%% True; especially since many define a bear market as a 20% correction, or more.Not counting market makers, much more has been made on indexes /ETFs,buying hi than selling hi. True also; some can make more, quicker ,short + lose more, quicker on the short side.[QQQ lost more than 20%]
Well those saying it's a bullish market are in the vast minority. The last few months it feels like money has dried up, the buying is sparse and sporatic, it's like the fund managers have sacked all staff. That's the bit which concerns me atm, nothing is trending strongly, but I'm still not calling it a bear market, just a lull in enthusiasm.
We are talking about stock markets not planes. People have sentiment and remember their entry and exit points often for emotional reasons. Key price levels on many stocks get revisited and often become inflection points. But I'm all ears. Tell me about some other instances where a market corrected 20% in the fall, then went to higher highs, then corrected the next fall.
First time for everything. Feb whatever date 2018 happened. Largest daily point drop in Dow history. Then Dec 26th 2018 happened, largest daily point rise in Dow history. 11 month span. Anything can happen these days.
Just to make your point... Barrons, 10/26/19 https://www.barrons.com/articles/ba...ll-street-is-scared-of-washington-51572045878 After a big year for U.S. stocks—make that a big 10 years—America’s money managers see trouble ahead for investors. Blame it on the market’s lofty valuation, a muddled economic outlook, or the increasingly fractious political landscape, any of which could stifle stocks’ advance in coming months. Whatever the case, only 27% of money managers responding to Barron’s fall 2019 Big Money Poll call themselves bullish about the market’s prospects for the next 12 months, down from 49% in our spring survey and 56% a year ago. The latest reading is the lowest percentage of bulls in more than 20 years. -------------------------------------------------------------- AAII weekly survey...
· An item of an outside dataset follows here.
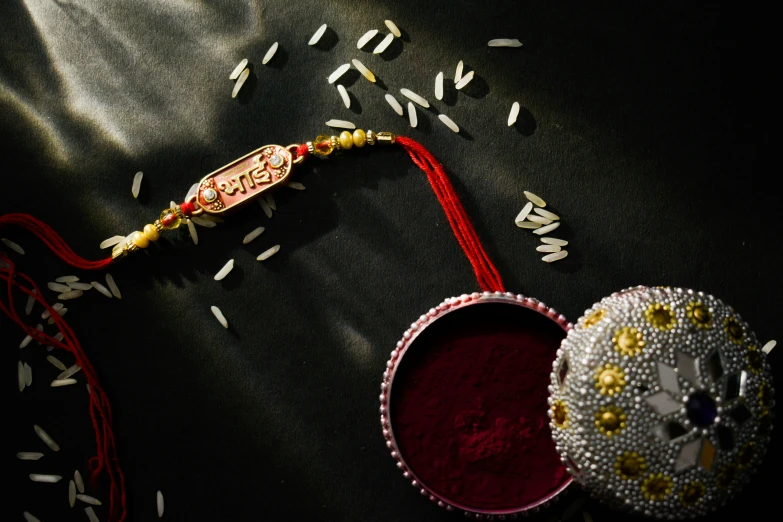 decorative items and a red cloth on a dark table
%% Good points- ''all ears''+ commercial planes in US seldom crash anyway.[ WSJ/DOW Jones has had some great charts/candle charts; but plenty of nonsense about PE+ such . Strong stock seasonals; NOT for TSLA, but even that one could reverse. NOT a prediction. Private planes are much more of a risk ; auto accidents are even much more of a risk
You Guys? I was never against him, I thought he was pretentious and FOS @ times but never took it serious. Didn't he make a decent short call on Shake Shack?
F no lol.... it was horrible play. It hit $99. Ya gotta look at the float on these things before you short them. Short AMZN... OK.... short SHAK when only 30% of the shares are publicly traded.... its suicide. Pure retail rookie move. I told him so too. How did he become president of a hedge fund society? Whatever. Surf even gave it its own thread. I had the honor of being the last one to post on it. https://elitetrader.com/et/threads/marketsurfer-says-short-shake-shack.291104/page-71#post-4668858
But if you didn't panic and stayed all in, by now you would be a lot better off. The problem with us retails is we always time it wrong so it is best not to time the market.